By CCTV reporter Laura Luo
Finally tonight, we bring you a very sweet story. China has long been the worlds top producer of honey. But, consumers’ concerns about fake honey have driven export values down. Our reporter Laura Luo visited a schoolhouse near the Great Wall of China, and found demand for organic honey has created a hive of activity.
At the foot of the Great Wall of China.
there is a school house that combines dining, lodging, and teaching about the environment under one roof.
Its owner is Jim Spear, an American who has lived in China for almost three decades. He designed and built the schoolhouse seven years ago, on the relics of an unused village primary school. The restaurant, the hotel, and even the cobbled lanes, everything was built from scratch.
The classroom is a special highlight of the schoolhouse. It is used to teach young and old about the relationships between the local environment and the community, and raises awareness about sustainable development.
"What I mean by sustainable, is first of all the impact we have on the local community is to support people here and to provide jobs near their home. Our aim as a sustainable tourism business is to multiple small-scale front-ends that are tight together by a common backroom. What the guests see is an abandoned schoolhouse has been turned into a restaurant." Jim Spear, Owner of the Schoolhouse said.
The guests develop an appetite for home-grown vegetables and fruit. The rest of the food and ingredients is bought from local suppliers, but Spear always makes sure it is natural and free of pesticides.
"We work with a variety of suppliers who produce for us. And the honey production is an example of that. This is an area where there are many orchards, where they need the bees to pollinate the fruit. So there are several bee keepers in the area who make honey the old fashion way, and then sell it raw and unprocessed to people who come to their places of business. In the schoolhouse we exclusively use honey that’s purchased from local beekeepers." Jim Spear said.
"One of the businesses that is delivering products to the schoolhouse is this local honey beekeeper. The honey here is guaranteed natural and genuine, which brings some sweat reassurance to consumers who are worries about fake honey products in the market. " Laura Luo said.

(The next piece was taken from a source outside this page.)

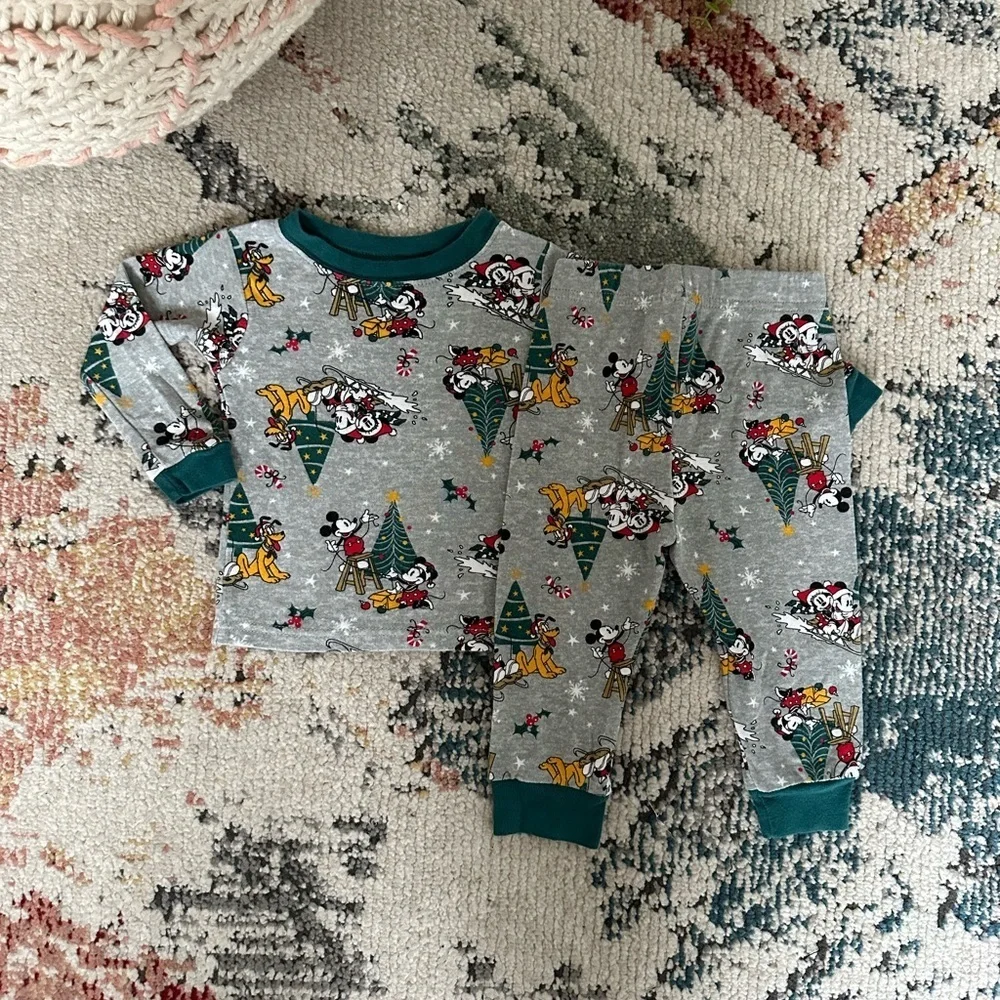 Disney 18 Month Mickey Minnie Mouse Holiday Pajama Set Long Sleeves Snug Fit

Sun Zihe, the beekeeper, teaches locals, city dwellers from nearby Beijing, as well as tourists from abroad why bees are important in the ecology system, and how you can differentiate real honey from fake one.
"You see this honey dripping? If it pulls back just before it breaks up, it’s real honey. Fake one would just drop see this?" Sun Zihe, Owner of Tian He Tong Bee Farm said.
Every day, people flock to the bee school to get a hands-on experience of the production process as well as a taste of the honey.
"It’s really important to support local businesses. It’s been really cool to see how they actually make the honey. I can take some back to see my dad and tell him I actually see how this is all been made. And support small businesses." Hege Helene Reistad, Tourist from Norway said.
The bees have not only kept bringing in pollen and nectar but also increased the income for Mr Sun and his wife. Most of his honey is made from nectar of flowering plants, such as the locust trees. It is the highest quality class of honey products and usually exported to overseas markets.
"Over the last couple of years the Beijing municipality has put in great effort to support bee farmers in their business development and providing subsidies. This year, I plan to expand to 150 hives. The economic effect comes very fast, the impact is really significant and increases the income of beekeepers." Sun Zihe said.
And here comes the most exciting part. harvesting the honey.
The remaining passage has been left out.